Well, I guess I'm going to be truly doomed...first the wrath of YOUR God is called down on me and now I have to worry about Muslims heaping it on me, too? Some days it just doesn't pay to get out of bed.

28508. anomie - 8/2/2006 10:19:56 PM

Jen,

I'm dead serious about banning childhood religious indoctrination. When will this happen? When hell freezes over, I'm sure.

As to the long lasting harm, hyperbole is not intended I assure you. I think the negative effects consist mainly of the inability for critical thinking. I wish "Love thy neighbor" was the main teaching, but you know that not true. Starting with toddlers we teach them about sin, satan, demons, fear, salvation (they need saving from the wrath of the very God we call "good"), sacrifice, blood rituals, flesh eating, etc. We instill feelings of unworthiness and guilt.

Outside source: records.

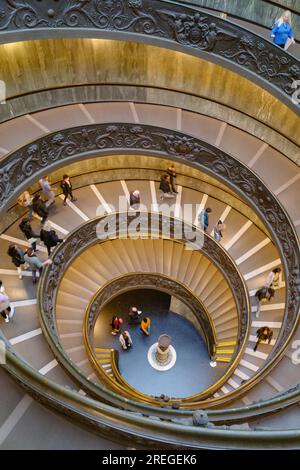 Rom, Italien - 27. November 2022: Bramante Treppe, eine Wendeltreppe mit Doppelspirale im Vatikanischen Museum Stockfoto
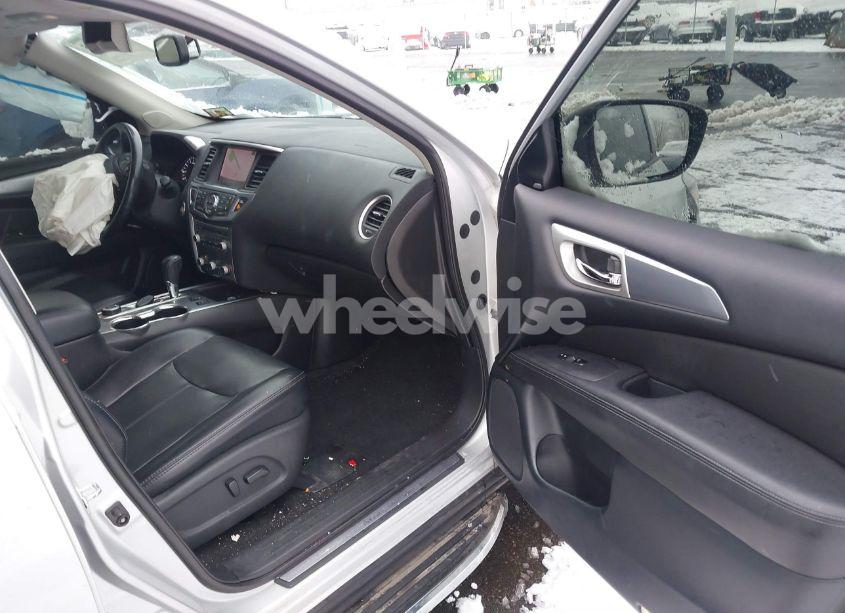 Photo 5 of 2018 Nissan Pathfinder SL (VIN 5N1DR2MM3JC655796)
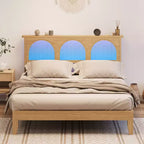 Lit plateforme bohème avec tête de lit en rotin, lumières LED et étagères de rangement – Naturel
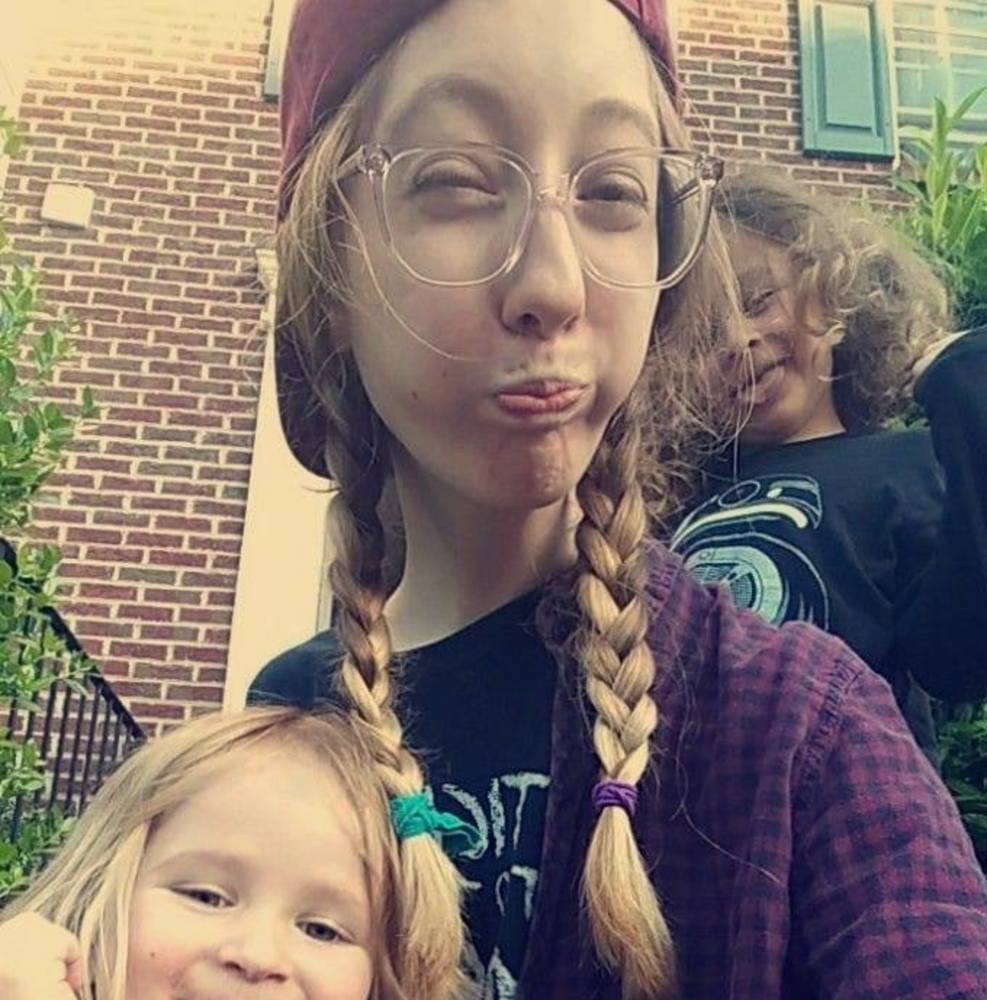 Meet your Posher, Nique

But perhaps most harmful is that we teach them to be "certain" about being right...about inarguable truths that create factions, unbelievers and enemies. This certainty morphs into the actions we see today. It creates Martyrs and worse. This is not abuse?

28509. anomie - 8/2/2006 10:26:53 PM

Jen,

I don't bend the topic toward Christianity on purpose, but I can't help wondering what your motives are for posting all this stuff about the beliefs of Muslims. Your stated beliefs about morality line up parallel to theirs in almost every way. They differ by degrees and timing, perhaps, but in the end your God is going to send a certain nunber of people to hell, and he allows the killing of innocents everyday. He is the father of Christianity and Islam afterall.

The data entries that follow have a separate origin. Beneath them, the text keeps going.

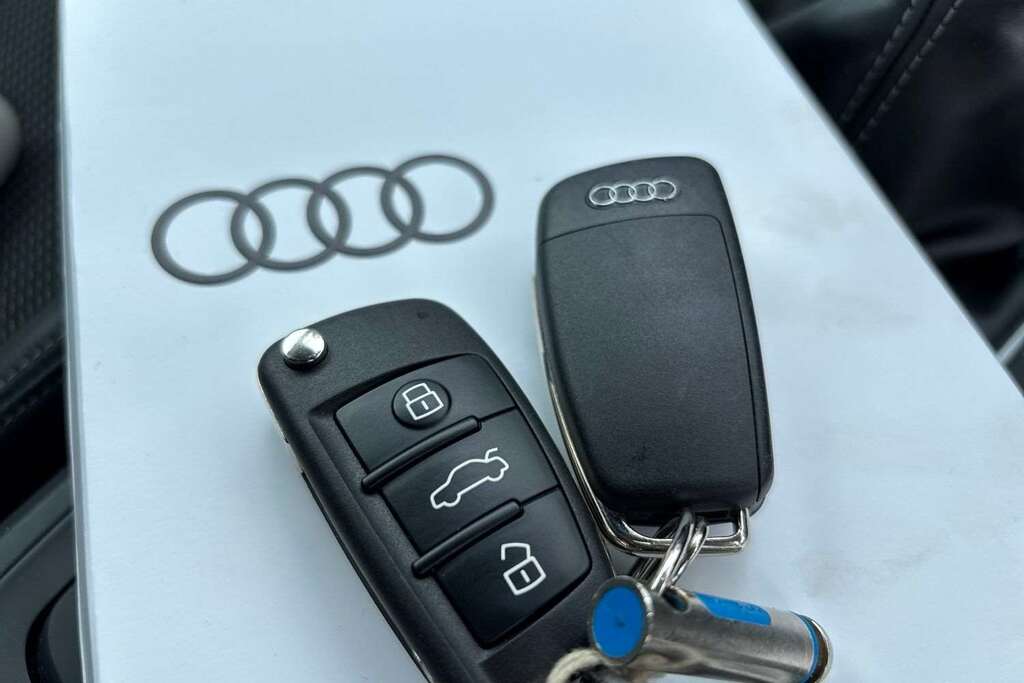 Audi Q2 Audi Estate 35 Tfsi S Line S Tronic Grey #20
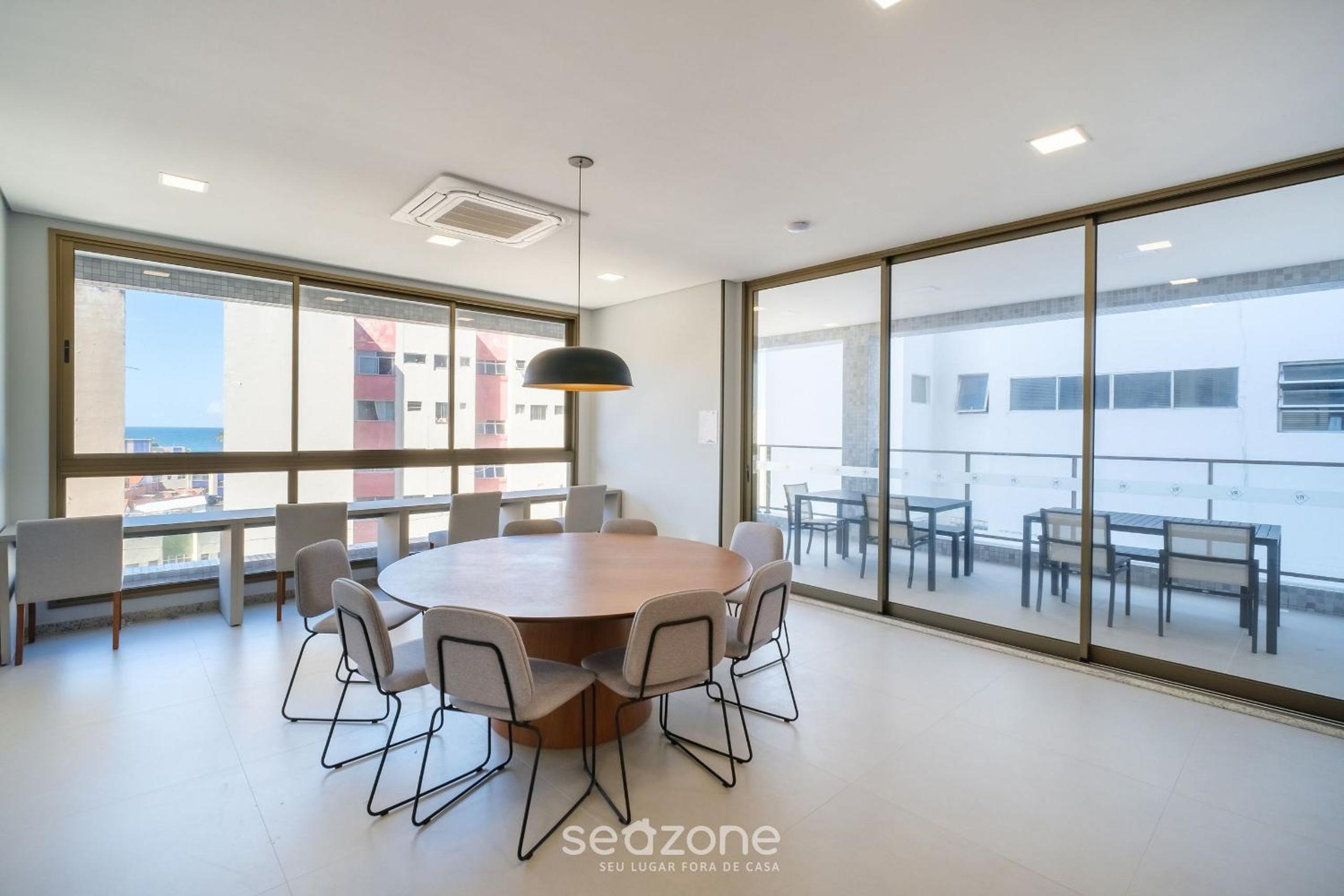 Apartments in a building with a pool 800m from the beach in Salvador - EDF
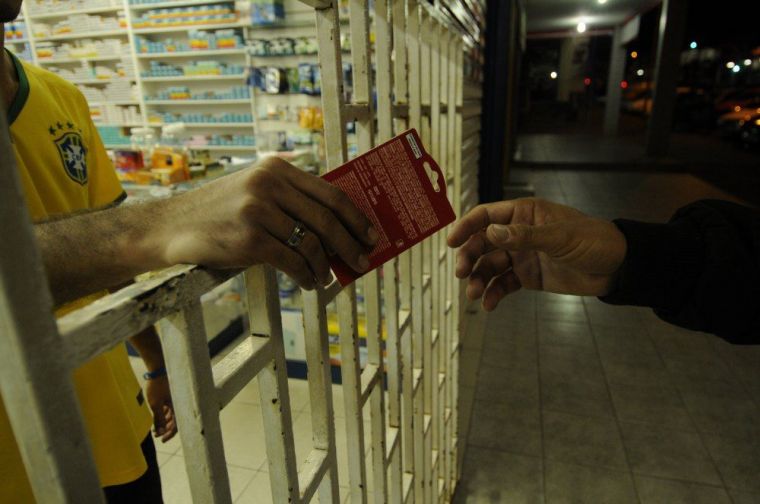Vereadores solicitam que prefeitura regularize farmácia 24 horas em Laranjeiras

I'd really like your views about whether any of these current events fit into God's plan and if not why, and whether God has a "plan" at all.

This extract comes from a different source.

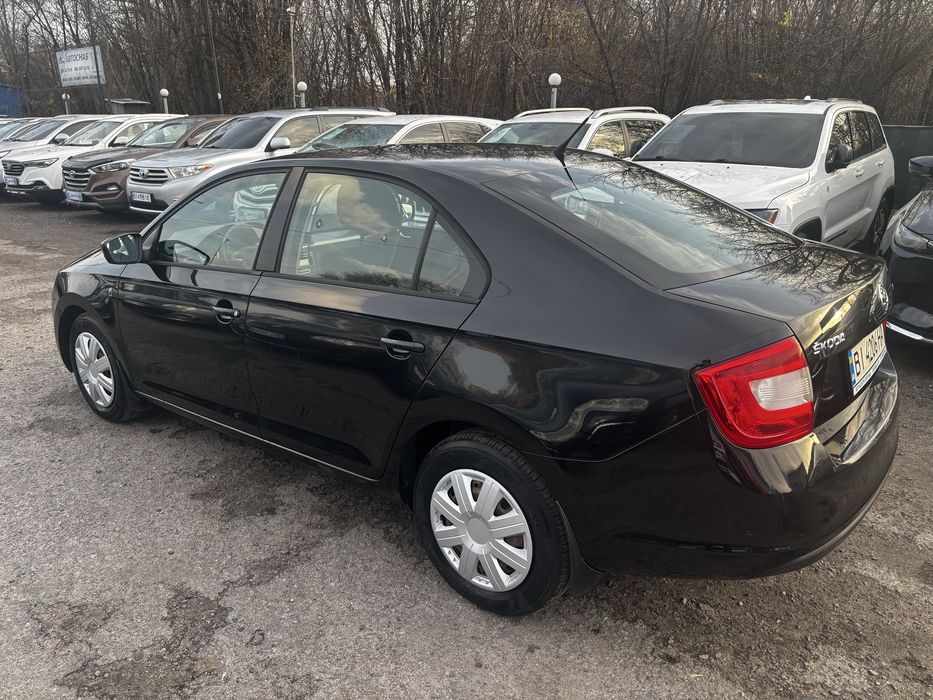 Продам Skoda  Rapid 1.6 Mpi ліфтбек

28510. Jenerator - 8/2/2006 10:37:53 PM

Anomie,

As to the long lasting harm, hyperbole is not intended I assure you. I think the negative effects consist mainly of the inability for critical thinking.

I think this is based purely on your feeling rather than fact.

I wish "Love thy neighbor" was the main teaching, but you know that not true.

You're incorrect. My son is in a Christian pre-K and love is the constant them.

Starting with toddlers we teach them about sin, satan, demons, fear, salvation (they need saving from the wrath of the very God we call "good"), sacrifice, blood rituals, flesh eating, etc.

Wrong again. My son hasn't been exposed to complicated themes within the bible.

We instill feelings of unworthiness and guilt.

Wrong yet again. I do my best to instill unconditional love and guidance and so do his teachers.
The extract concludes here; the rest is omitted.